Processor-level operational lineage (opsLink)

The foundation of NiFi lineage is the processor-level operational link, referred to as an opsLink.
An opsLink represents a direct execution relationship between two NiFi components:
- A source processor and a target processor connected by a NiFi connection.
- InputPorts and OutputPorts are treated as processors for lineage purposes.
opsLinks are derived by parsing the ProcessorGroup configuration JSON and capturing:
- Processors, InputPorts, and OutputPorts.
- Connections between components.
- Associated source or target context when available, such as database, table, topic, bucket, or file location.
This processor-level lineage forms the operational flow graph of a NiFi ProcessGroup and serves as the backbone for cross-system lineage views.

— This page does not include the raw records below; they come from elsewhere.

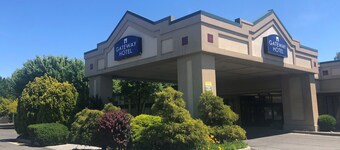 Gateway Hotel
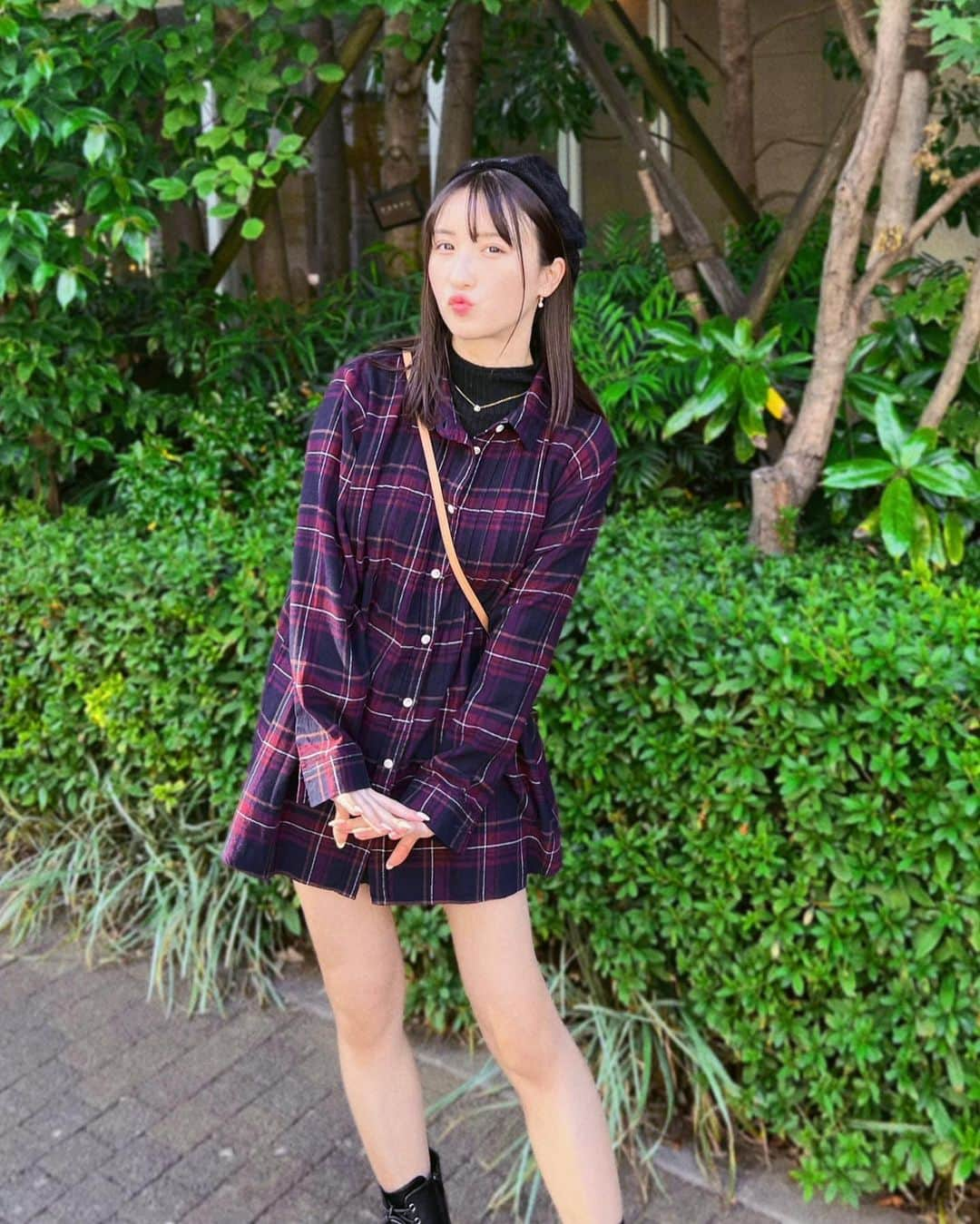 伊藤愛真さんのインスタグラム写真 - (伊藤愛真Instagram)「元気〜？？ 色々なレッスンたくさん受けて自分磨きがんばってるよっ🥺 早くいろんな報告できるように頑張るっ . そんで気づいたら全身古着だ😂🤍 最近80〜00sの古着が特に好きっ！ . . . #古着#古着女子#agnesb#ベレー帽#チェックシャツ」11月5日 17時21分 - __emagram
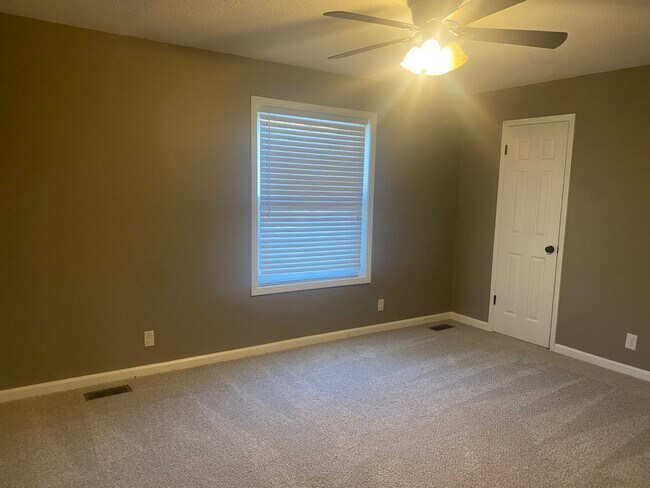 Building Photo - 197 Cox Ln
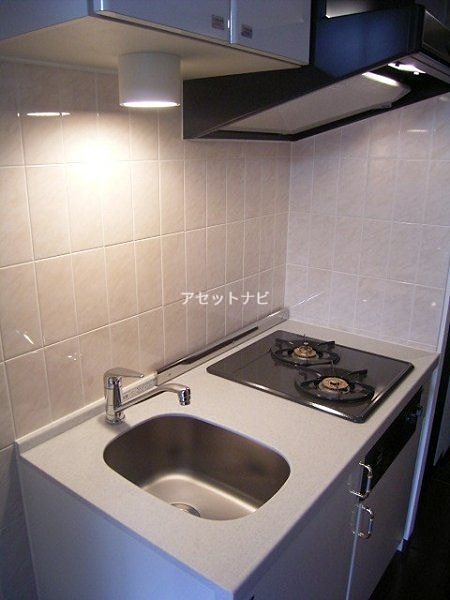 キッチン　※別部屋の参考画像です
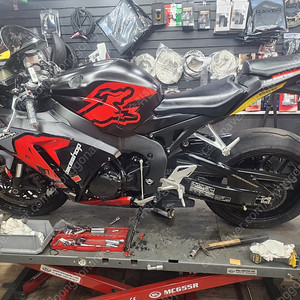 2014cbr1000rr 팝니다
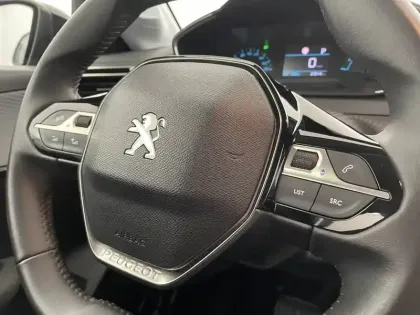 Photo 43 Peugeot 208  Electrique 50 kWh 136ch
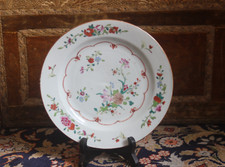 Assiette plate en porcelaine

Nested ProcessGroups behavior
When a ProcessorGroup contains other nested ProcessorGroups, inner lineage is scoped strictly to the selected ProcessorGroup:
- Only processors, InputPorts, and OutputPorts that belong directly to the current ProcessorGroup are displayed in the inner lineage view.

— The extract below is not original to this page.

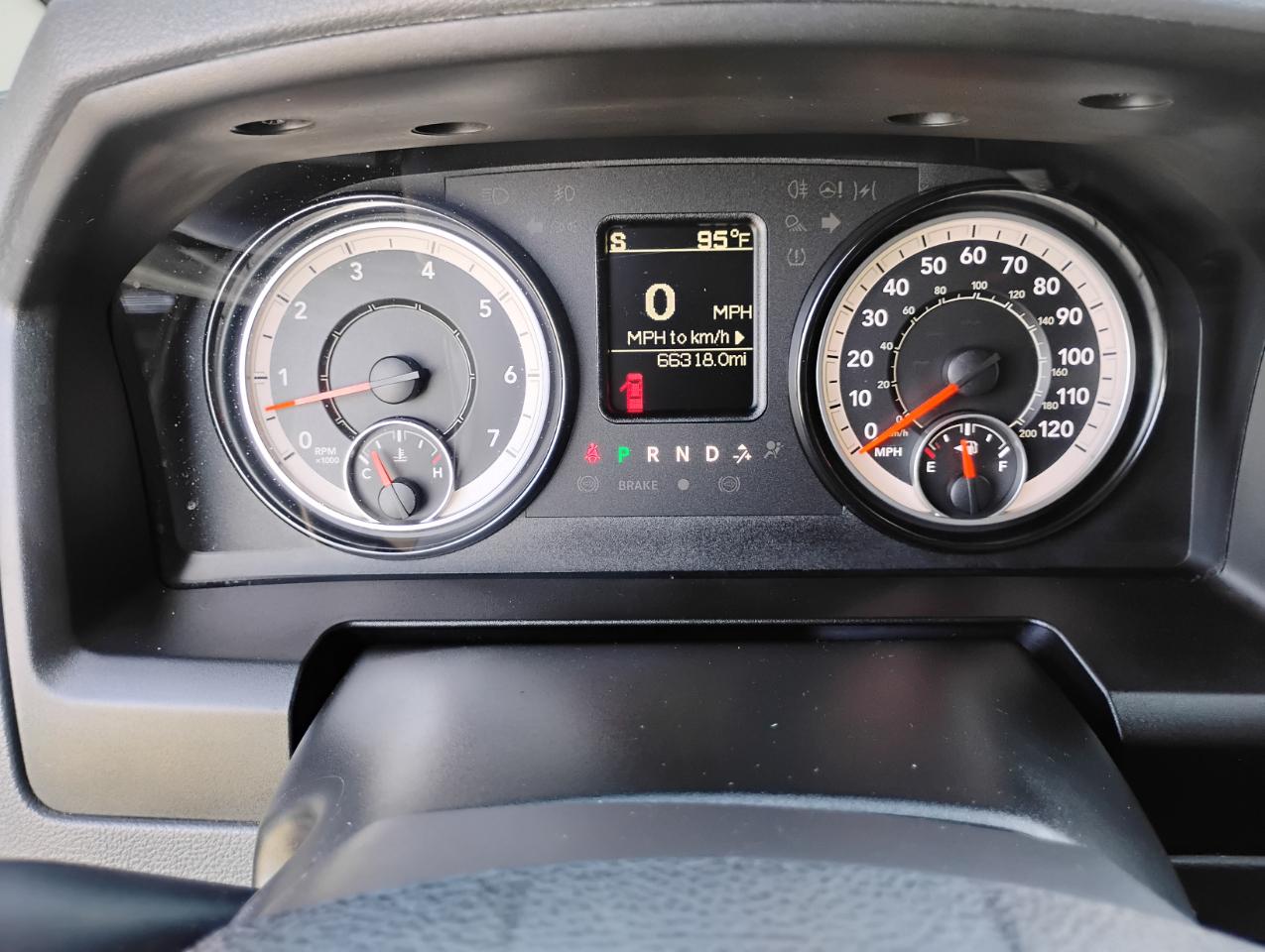 RAM 1500 Classic Tradesman Quad Cab 2WD 2019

- Nested ProcessorGroups are not expanded or traversed as part of inner lineage.
When one ProcessorGroup is connected to another ProcessorGroup:
- The relationship between ProcessorGroups is not shown in inner lineage.

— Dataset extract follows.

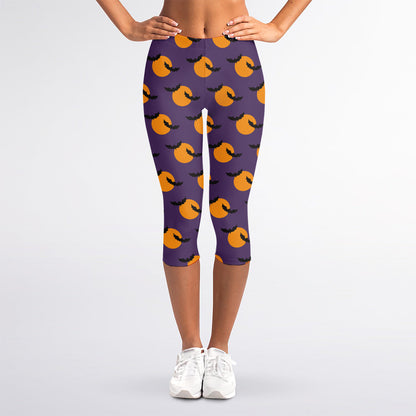 Halloween Bat And Moon Pattern Print Women's Capri Leggings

- These relationships are visualized only in end-to-end lineage or cross-system lineage views.
This separation ensures that inner lineage remains focused on execution flow within a single ProcessGroup, while cross-group dependencies are handled at higher-level lineage views.
Supported NiFi components
The connector supports a broad set of NiFi processors for lineage extraction.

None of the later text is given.